:: What needs to be done ::
In the material below, find the line containing "su camioneta. La" and the line containing "1261 Naylor Ave. Property Photo 2". Output those two lines and all lines between them exactly, without pictures.

*** Opening Dataset content ***

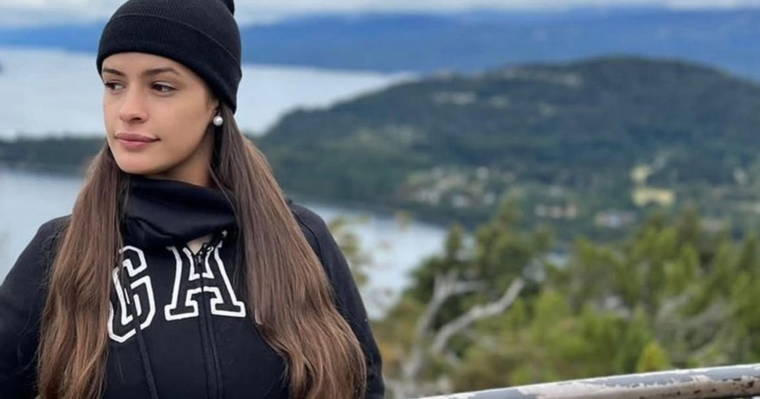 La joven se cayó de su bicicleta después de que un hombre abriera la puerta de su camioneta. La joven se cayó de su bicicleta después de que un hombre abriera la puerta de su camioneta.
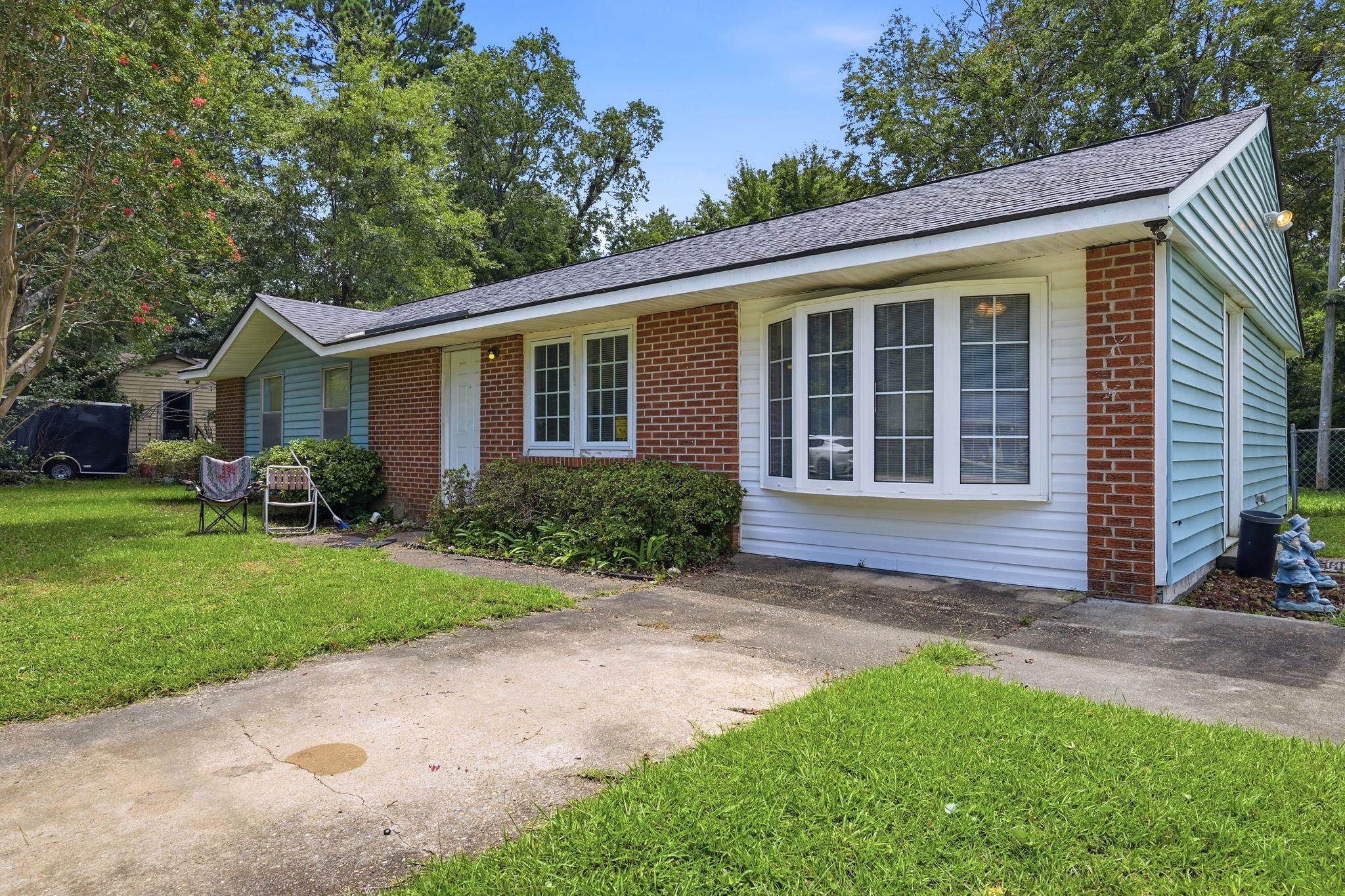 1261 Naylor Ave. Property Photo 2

*** Closing Dataset content ***
*** Opening Dataset content ***

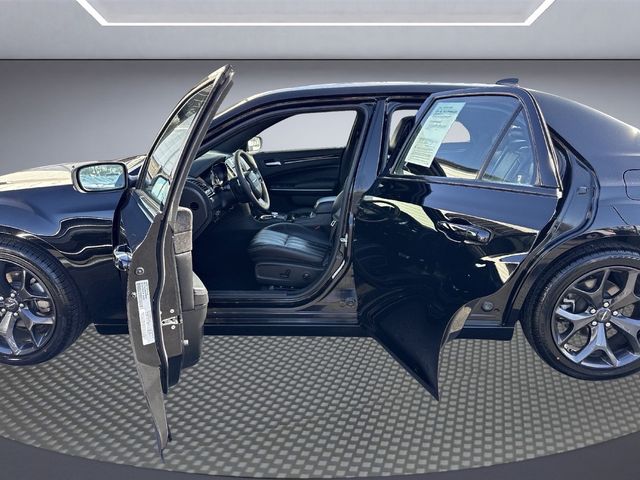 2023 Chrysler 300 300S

*** Closing Dataset content ***

:: Expected answer ::
 La joven se cayó de su bicicleta después de que un hombre abriera la puerta de su camioneta. La joven se cayó de su bicicleta después de que un hombre abriera la puerta de su camioneta.
 1261 Naylor Ave. Property Photo 2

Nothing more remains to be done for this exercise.